1891 United States gubernatorial elections

7 governorships
|  | Majority party | Minority party |
| Party | Democratic | Republican |
| Seats before | 27 | 17 |
| Seats after | 25 | 19 |
| Seat change | −2 | +2 |
| Seats up | 7 | 0 |
| Seats won | 5 | 2 |
- Democratic gain Democratic hold Republican gain Republican hold

= 1891 United States gubernatorial elections =

United States gubernatorial elections were held in 1891, in seven states.

Kentucky and Maryland held their gubernatorial elections in odd numbered years, every 4 years, preceding the United States presidential election year. Massachusetts and Rhode Island both elected their respective governors to a single-year term. They would abandon this practice in 1920 and 1912, respectively. Iowa and Ohio at this time held gubernatorial elections in every odd numbered year.

New York at this time elected its governors to a three-year term. This was the last election in which this was the case. The state switched to two-year terms from the 1894 elections.

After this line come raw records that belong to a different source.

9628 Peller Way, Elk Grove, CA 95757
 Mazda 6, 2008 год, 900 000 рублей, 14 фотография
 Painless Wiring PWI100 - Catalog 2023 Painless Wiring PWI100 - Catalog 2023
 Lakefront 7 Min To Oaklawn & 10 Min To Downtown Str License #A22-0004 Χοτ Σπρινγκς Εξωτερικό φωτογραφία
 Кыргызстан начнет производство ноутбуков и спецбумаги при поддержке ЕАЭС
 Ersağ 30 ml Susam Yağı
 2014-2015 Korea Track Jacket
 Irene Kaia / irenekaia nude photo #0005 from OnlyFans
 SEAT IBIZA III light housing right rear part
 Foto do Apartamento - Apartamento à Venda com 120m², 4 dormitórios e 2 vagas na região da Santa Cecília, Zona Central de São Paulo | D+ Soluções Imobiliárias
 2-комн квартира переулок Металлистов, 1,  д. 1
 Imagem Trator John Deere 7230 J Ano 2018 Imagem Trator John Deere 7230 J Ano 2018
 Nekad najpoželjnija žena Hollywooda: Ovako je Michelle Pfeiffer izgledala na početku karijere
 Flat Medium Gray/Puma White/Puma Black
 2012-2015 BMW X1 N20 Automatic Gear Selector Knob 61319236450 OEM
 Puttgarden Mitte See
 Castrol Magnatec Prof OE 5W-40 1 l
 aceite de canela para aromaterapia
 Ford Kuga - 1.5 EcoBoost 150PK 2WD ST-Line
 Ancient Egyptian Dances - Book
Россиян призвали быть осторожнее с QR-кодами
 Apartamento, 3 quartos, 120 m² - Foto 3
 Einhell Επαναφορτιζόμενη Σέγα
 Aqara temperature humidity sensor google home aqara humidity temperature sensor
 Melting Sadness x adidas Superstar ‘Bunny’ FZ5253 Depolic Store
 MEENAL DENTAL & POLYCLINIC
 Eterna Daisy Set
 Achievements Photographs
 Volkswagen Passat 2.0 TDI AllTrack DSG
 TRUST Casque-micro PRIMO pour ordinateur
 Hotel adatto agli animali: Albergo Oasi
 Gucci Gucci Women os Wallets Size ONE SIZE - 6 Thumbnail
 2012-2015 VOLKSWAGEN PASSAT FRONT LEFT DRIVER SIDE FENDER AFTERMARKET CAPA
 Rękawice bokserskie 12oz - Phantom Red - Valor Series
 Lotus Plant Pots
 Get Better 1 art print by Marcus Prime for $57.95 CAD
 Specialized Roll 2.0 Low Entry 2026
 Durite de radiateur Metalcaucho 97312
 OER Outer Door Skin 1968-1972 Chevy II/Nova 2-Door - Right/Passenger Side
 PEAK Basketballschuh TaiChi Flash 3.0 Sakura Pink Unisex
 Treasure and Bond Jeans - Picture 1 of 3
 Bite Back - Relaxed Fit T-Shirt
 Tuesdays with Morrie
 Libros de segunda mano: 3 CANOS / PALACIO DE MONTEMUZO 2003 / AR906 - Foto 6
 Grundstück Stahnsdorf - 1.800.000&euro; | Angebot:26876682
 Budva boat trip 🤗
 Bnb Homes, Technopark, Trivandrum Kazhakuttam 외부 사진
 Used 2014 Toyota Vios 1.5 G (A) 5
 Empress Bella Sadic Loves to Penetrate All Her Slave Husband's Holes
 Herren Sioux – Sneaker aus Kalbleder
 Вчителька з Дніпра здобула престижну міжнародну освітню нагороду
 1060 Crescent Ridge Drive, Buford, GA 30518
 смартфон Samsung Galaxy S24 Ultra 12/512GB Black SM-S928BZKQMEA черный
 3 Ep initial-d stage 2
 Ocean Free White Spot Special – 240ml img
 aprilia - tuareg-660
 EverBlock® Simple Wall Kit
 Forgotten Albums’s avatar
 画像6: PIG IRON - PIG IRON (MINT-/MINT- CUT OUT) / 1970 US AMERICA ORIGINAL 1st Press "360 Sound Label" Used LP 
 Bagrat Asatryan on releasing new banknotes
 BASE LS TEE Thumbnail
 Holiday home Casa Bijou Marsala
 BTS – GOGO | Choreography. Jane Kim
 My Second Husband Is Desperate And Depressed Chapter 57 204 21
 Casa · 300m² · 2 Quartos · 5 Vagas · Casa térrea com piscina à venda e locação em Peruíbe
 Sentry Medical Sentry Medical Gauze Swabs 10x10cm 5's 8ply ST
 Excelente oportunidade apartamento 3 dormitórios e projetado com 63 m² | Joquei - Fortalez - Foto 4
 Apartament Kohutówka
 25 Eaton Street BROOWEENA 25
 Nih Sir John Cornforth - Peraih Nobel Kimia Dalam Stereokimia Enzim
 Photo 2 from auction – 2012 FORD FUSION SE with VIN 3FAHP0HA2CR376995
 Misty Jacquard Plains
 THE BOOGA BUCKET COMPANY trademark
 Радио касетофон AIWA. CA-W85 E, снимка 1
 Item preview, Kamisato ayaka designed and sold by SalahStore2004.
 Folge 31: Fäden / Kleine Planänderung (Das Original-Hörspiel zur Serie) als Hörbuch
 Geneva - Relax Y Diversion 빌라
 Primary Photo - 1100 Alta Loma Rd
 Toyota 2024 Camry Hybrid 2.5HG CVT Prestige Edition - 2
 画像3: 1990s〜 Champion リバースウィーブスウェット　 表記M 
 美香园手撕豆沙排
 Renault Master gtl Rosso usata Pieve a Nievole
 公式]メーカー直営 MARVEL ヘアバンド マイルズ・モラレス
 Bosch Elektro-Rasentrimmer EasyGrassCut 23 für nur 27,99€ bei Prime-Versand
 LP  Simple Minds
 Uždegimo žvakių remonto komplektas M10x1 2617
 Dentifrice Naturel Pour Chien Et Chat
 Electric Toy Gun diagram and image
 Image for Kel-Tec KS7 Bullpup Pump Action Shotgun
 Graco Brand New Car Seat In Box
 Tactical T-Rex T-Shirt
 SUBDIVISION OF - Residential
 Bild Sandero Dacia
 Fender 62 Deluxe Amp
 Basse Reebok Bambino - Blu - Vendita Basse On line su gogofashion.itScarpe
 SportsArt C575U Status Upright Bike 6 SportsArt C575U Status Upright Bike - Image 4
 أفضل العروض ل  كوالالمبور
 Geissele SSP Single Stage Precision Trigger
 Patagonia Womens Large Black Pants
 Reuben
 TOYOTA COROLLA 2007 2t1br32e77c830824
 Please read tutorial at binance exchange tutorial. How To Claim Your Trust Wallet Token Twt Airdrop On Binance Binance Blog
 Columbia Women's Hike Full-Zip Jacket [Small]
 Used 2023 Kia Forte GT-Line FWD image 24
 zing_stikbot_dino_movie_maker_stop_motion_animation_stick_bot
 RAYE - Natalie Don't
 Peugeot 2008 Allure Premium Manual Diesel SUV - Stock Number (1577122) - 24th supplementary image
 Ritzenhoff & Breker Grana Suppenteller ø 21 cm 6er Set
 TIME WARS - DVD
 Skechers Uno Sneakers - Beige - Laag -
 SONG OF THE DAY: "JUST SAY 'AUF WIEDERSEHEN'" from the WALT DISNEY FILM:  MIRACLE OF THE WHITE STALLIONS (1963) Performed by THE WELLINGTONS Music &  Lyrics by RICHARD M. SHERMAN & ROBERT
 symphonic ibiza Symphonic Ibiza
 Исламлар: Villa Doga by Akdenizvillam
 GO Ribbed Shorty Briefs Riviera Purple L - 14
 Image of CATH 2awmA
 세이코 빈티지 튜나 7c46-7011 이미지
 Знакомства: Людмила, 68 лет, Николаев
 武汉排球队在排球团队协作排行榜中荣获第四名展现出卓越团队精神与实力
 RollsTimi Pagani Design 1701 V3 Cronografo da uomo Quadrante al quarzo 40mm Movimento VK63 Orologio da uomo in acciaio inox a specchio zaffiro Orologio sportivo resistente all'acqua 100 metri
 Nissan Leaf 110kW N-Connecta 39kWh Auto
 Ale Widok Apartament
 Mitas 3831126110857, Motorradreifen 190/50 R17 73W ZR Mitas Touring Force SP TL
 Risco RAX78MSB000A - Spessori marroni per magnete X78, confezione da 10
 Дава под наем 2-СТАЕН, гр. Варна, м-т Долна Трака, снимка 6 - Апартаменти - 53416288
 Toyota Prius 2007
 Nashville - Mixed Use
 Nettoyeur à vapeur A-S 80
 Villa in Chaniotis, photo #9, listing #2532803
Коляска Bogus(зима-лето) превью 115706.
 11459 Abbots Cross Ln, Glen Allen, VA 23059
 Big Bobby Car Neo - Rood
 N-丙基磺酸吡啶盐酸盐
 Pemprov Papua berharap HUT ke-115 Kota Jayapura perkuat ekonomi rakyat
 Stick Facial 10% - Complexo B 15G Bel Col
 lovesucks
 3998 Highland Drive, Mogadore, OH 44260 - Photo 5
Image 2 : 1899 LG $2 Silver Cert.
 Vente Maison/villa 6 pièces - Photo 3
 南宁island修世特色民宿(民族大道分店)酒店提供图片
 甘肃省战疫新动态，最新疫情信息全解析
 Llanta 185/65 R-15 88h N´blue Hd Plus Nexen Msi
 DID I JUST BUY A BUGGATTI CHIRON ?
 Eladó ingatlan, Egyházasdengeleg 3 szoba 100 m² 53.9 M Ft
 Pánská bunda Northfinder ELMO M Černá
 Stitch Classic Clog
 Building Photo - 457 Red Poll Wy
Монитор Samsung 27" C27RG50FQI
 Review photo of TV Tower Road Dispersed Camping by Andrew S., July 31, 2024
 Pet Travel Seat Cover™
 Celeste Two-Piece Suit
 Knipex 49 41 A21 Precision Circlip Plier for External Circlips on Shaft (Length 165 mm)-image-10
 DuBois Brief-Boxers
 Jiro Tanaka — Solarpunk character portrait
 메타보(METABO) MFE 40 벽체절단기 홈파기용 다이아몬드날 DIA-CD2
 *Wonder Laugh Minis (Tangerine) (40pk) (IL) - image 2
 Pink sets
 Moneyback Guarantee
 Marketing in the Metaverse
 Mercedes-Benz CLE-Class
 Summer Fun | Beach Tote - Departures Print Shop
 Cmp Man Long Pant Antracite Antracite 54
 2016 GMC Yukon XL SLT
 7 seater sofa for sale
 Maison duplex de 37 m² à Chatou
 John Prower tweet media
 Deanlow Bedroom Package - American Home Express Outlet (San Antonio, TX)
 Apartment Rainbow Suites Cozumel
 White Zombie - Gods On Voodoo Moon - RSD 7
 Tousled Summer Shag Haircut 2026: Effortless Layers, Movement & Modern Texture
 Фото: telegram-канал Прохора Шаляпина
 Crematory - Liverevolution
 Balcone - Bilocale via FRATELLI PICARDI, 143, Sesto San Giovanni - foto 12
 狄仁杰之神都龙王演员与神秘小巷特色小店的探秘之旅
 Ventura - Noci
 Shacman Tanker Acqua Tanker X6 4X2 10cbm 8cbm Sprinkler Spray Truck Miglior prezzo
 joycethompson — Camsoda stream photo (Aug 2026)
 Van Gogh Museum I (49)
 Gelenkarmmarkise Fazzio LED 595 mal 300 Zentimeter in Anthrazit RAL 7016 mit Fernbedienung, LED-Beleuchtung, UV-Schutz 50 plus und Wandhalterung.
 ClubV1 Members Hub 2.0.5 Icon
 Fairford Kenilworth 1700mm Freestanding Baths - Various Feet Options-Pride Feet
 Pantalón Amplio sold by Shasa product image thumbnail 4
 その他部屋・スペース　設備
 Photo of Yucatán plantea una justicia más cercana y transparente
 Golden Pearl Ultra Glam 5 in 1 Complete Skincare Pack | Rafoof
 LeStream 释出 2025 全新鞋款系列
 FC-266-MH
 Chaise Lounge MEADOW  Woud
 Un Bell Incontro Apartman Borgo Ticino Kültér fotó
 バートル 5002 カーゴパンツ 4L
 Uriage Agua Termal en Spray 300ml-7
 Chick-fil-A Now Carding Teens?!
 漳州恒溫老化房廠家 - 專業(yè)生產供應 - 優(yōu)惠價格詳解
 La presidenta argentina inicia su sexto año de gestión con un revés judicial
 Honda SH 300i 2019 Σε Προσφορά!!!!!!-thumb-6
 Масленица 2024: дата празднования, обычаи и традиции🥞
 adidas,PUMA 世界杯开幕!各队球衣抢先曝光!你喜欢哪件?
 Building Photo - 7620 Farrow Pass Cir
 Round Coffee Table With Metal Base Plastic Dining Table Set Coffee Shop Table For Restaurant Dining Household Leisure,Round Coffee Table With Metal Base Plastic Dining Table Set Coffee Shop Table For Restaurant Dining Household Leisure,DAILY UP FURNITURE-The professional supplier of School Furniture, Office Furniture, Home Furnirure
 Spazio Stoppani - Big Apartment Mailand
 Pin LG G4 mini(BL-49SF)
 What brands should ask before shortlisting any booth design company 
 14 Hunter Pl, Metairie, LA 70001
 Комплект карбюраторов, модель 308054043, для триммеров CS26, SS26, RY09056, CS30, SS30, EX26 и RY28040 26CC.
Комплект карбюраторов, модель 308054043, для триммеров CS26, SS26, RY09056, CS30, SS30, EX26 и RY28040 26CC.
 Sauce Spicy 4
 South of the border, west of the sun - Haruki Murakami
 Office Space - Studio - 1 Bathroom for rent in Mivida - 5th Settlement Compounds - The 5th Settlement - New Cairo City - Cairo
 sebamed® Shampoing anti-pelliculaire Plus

In Kentucky, the gubernatorial election was held in August for the last time; the next gubernatorial election would be held on the same day as federal elections.

== Results ==

| State | Incumbent | Party | Status | Opposing candidates |
|---|---|---|---|---|
| Iowa | Horace Boies | Democratic | Re-elected, 49.38% | Hiram C. Wheeler (Republican) 47.43% A. J. Westfall (Populist) 2.97% Isaac T. Gibson (Prohibition) 0.22% |
| Kentucky (held, 3 August 1891) | Simon Bolivar Buckner | Democratic | Term-limited, Democratic victory | John Y. Brown (Democratic) 49.85% Andrew T. Wood (Republican) 40.14% S. B. Erwin (Populist) 8.86% Josiah Harris (Prohibition) 1.14% |
| Maryland | Elihu Emory Jackson | Democratic | Retired, Democratic victory | Frank Brown (Democratic) 56.52% William J. Vannort (Republican) 40.82% Edwin Higgins (Prohibition) 2.67% |
| Massachusetts | William E. Russell | Democratic | Re-elected, 49.12% | Charles Herbert Allen (Republican) 47.11% Charles E. Kimball (Prohibition) 2.79% Henry Winn (Populist) 0.54% Harry W. Robinson (Socialist Labor) 0.44% |
| New York | David B. Hill | Democratic | Retired to take up seat in the U.S. Senate, Democratic victory | Roswell P. Flower (Democratic) 50.13% Jacob Sloat Fassett (Republican) 46.00% Joseph W. Bruce (Prohibition) 2.61% Daniel De Leon (Socialist Labor) 1.26% |
| Ohio | James E. Campbell | Democratic | Defeated, 45.90% | William McKinley (Republican) 48.61% John Seitz (Populist) 2.95% John J. Ashenhurst (Prohibition) 2.54% |
| Rhode Island (held, 1 April 1891) | John W. Davis | Democratic | Defeated, 48.95% | Herbert W. Ladd (Republican) 46.19% John H. Larry (Prohibition) 4.02% Franklin E. Burton (National) 0.85% |

== Bibliography ==
- Glashan, Roy R. (1979). "American Governors and Gubernatorial Elections, 1775-1978"
- "Gubernatorial Elections, 1787-1997" (1998)
- Dubin, Michael J. (2014). "United States Gubernatorial Elections, 1861-1911: The Official Results by State and County"
- "The World Almanac, 1892" (1892)
- McPherson, Edward (1892). "The Tribune Almanac and Political Register for 1892"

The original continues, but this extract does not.